Derek Cianfrance livre avec son Blue Valentine une étude personnelle et intimiste des relations amoureuses. On sent le vécu derrière la caméra, ainsi que le désir de rendre l'oeuvre touchante, qui donne un aspect réaliste au film. L'idée de suivre l'évolution d'un couple en entrecoupant le passé et le présent est la méthode idéale pour aborder chaque étape avec justesse. Ce duo d'acteurs, composé de Michelle Williams et Ryan Gosling, incarnant des personnages à la dérive, est d'une complicité remarquable et renforce encore un peu plus l'impact du long-métrage.
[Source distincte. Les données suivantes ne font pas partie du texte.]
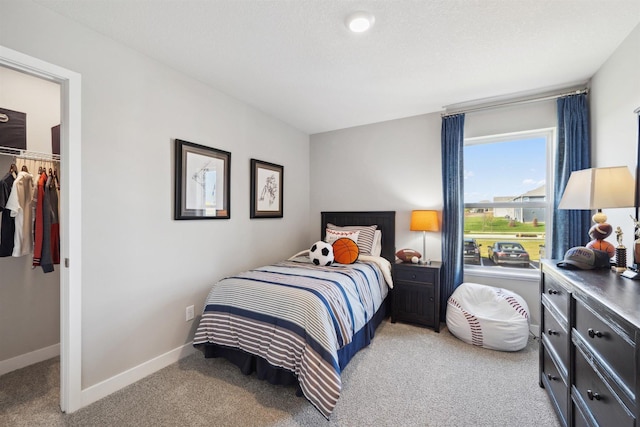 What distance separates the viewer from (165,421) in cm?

Plus que de la complicité, c'est même de la complexité qui se dégage de leurs rapports. Ils n'ont rien en commun en début de film, au point que l'on se demande même comment ils ont pu s'aimer un jour. Tandis que lui picole et se laisse aller sans se poser de questions, elle ne cesse de se demander s'il est épanoui, si il est à la place où il voudrait être. Ils ne se comprennent plus et seul leur fille parvient à les rassembler quelque peu. La mort du chien en début de film est par ailleurs très significative. Comme un symbole de la mort du couple, quelque chose qu'ils avaient en commun et qu'ils n'ont plus. Cette métaphore prend tout son sens lorsqu'on apprend que Dean (Ryan Gosling) n'est pas le père biologique de la petite fille.
À la recherche d'un amour envolé, on se plonge dans leur passé commun, de leur rencontre à leur mariage, pour déceler des bribes de bonheur et comprendre tout ce qu'ils ont traversé ensemble. Pour ce faire, Cianfrance insiste sur les gros plans, les flous, et les mouvements de caméra furtifs, afin de donner cette part d'intimité propre aux couples. Une réalisation aussi douce et légère que des baisers ou des câlins dans le passé, et aussi puissante et triste que des larmes ou des cris dans le présent. L'immersion est réussie et les deux parties s'entrecroisent en étant toutes deux aussi émouvantes l'une que l'autre.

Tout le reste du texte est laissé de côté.